_TASK DIRECTIONS:_ Only the lines from the one containing "Valarie | Elegancki" through the last line of the material should be copied, exactly as written and without pictures.

_SUPPLIED INFORMATION:_

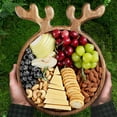 thumbnail image 3 of HUISZJ 6pcs Antler-Shaped Appetizer Tray Charcuterie Dessert Board, Antler Wood Xmas Serving Trays with Tableware,Snacks Platter for Restaurant Home, 3 of 9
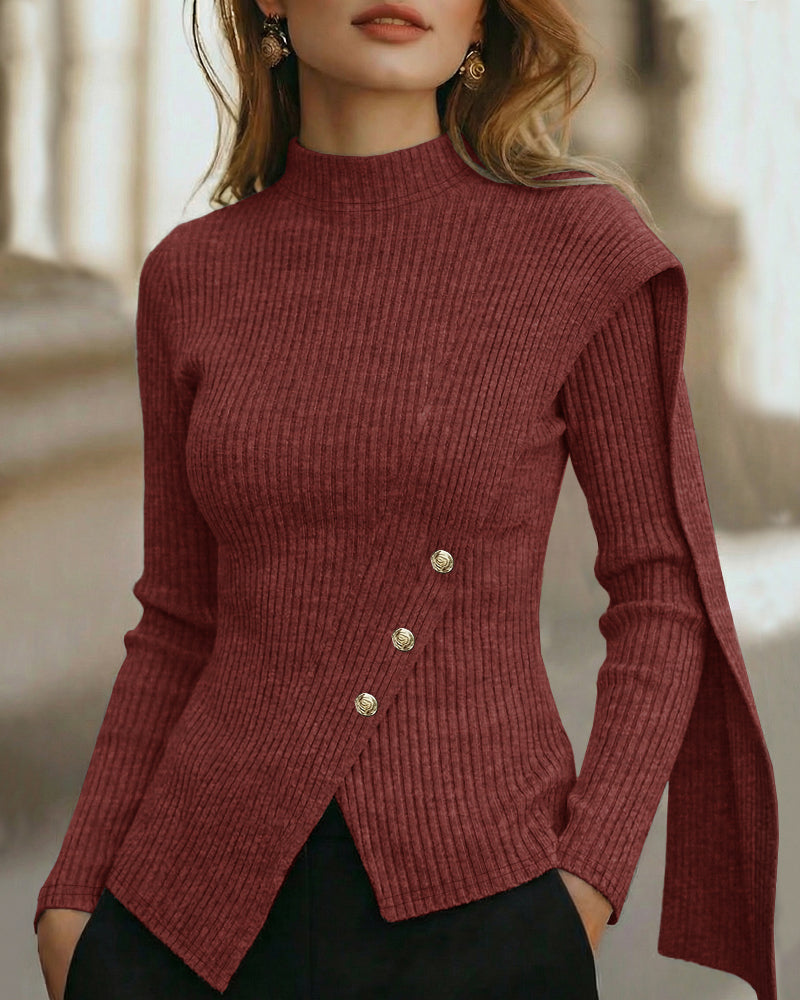 Valarie | Elegancki damski top dzianinowy z półgolfem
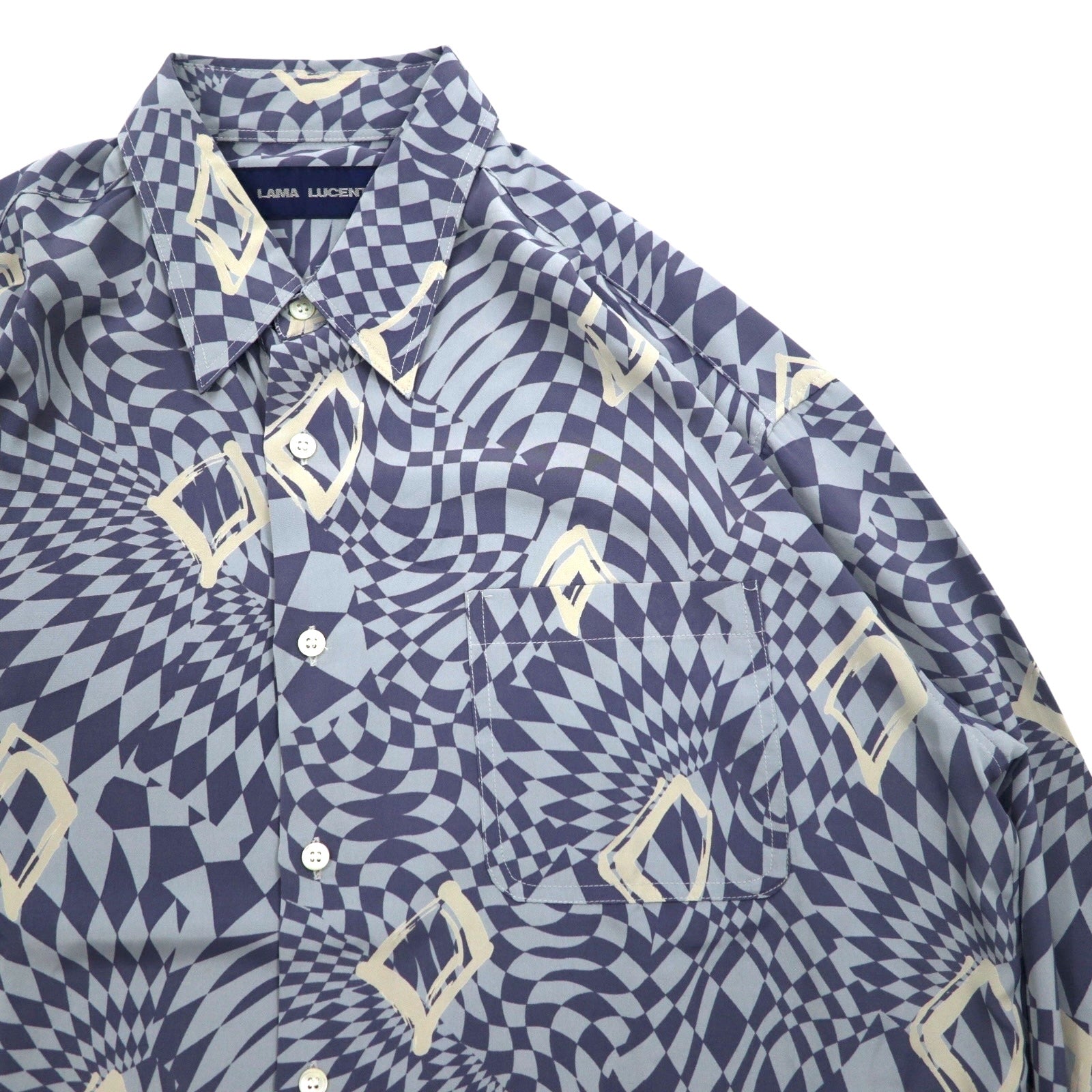 Vintage Anni '90 Camicia Retrò Made in Japan LAMA LUCENTE Anni '90 Maglia fantasia intera taglia unica blu Motivo geometrico Poliestere Made in Japan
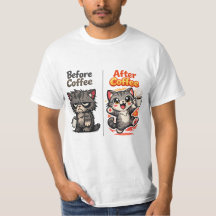 Voor Koffie Chagrijnige Kat Na Koffie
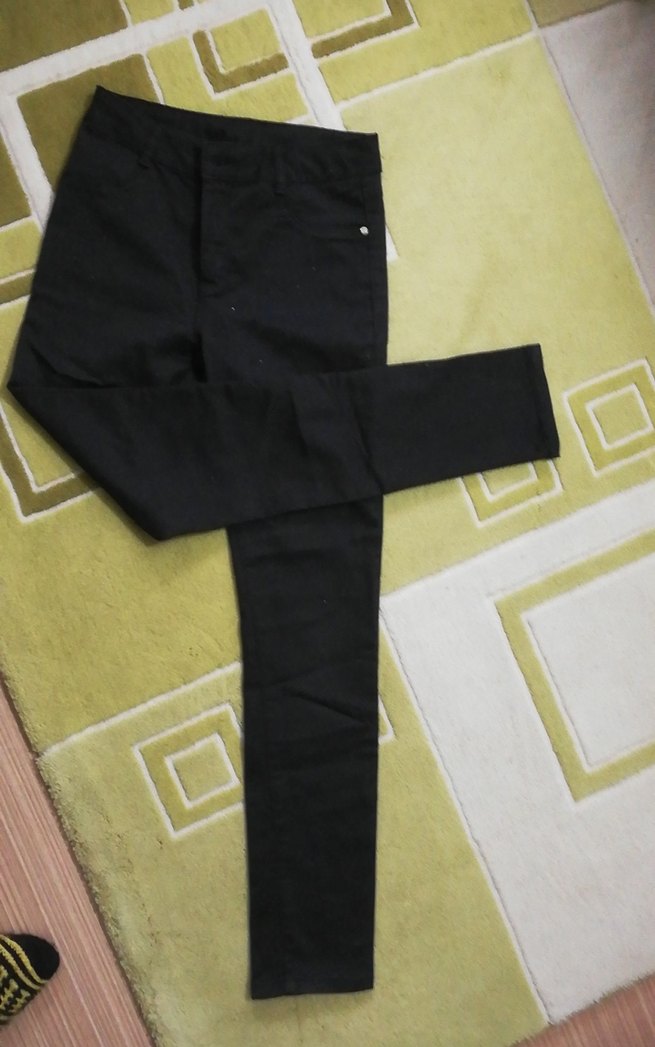 Düğmeli Siyah simli kız çocuk Kot Pantolon - Görsel 4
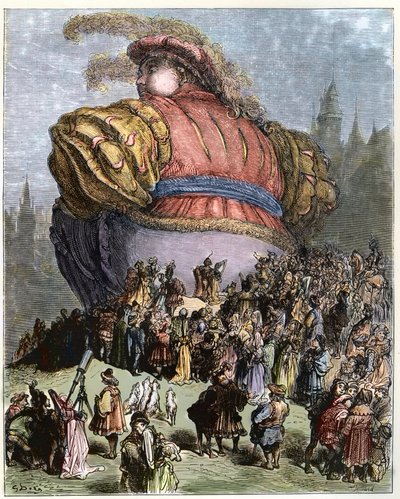Gargantua vierailee Pariisissa - Pariisilaiset ihmettelevät Gargantuaa - kuvitus teoksesta "Gargantua ja Pantagruel", kirjoittanut Francois Rabelais - kaiverrus Gustave Doren (1832-1883) tekijältä Gustave Dore
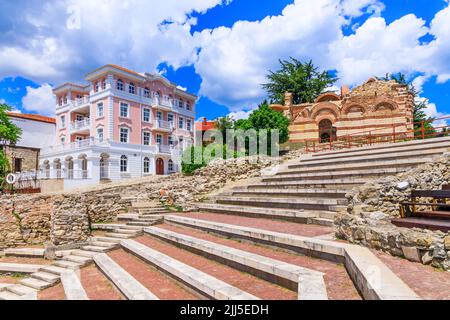 Nessebar (Nesebar), Bulgaria. Ancient Theatre of Nessebar. Black Sea Coast, Burgas. Stock Photo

_RESPONSE AREA:_
 Valarie | Elegancki damski top dzianinowy z półgolfem
 Vintage Anni '90 Camicia Retrò Made in Japan LAMA LUCENTE Anni '90 Maglia fantasia intera taglia unica blu Motivo geometrico Poliestere Made in Japan
 Voor Koffie Chagrijnige Kat Na Koffie
 Düğmeli Siyah simli kız çocuk Kot Pantolon - Görsel 4
Gargantua vierailee Pariisissa - Pariisilaiset ihmettelevät Gargantuaa - kuvitus teoksesta "Gargantua ja Pantagruel", kirjoittanut Francois Rabelais - kaiverrus Gustave Doren (1832-1883) tekijältä Gustave Dore
 Nessebar (Nesebar), Bulgaria. Ancient Theatre of Nessebar. Black Sea Coast, Burgas. Stock Photo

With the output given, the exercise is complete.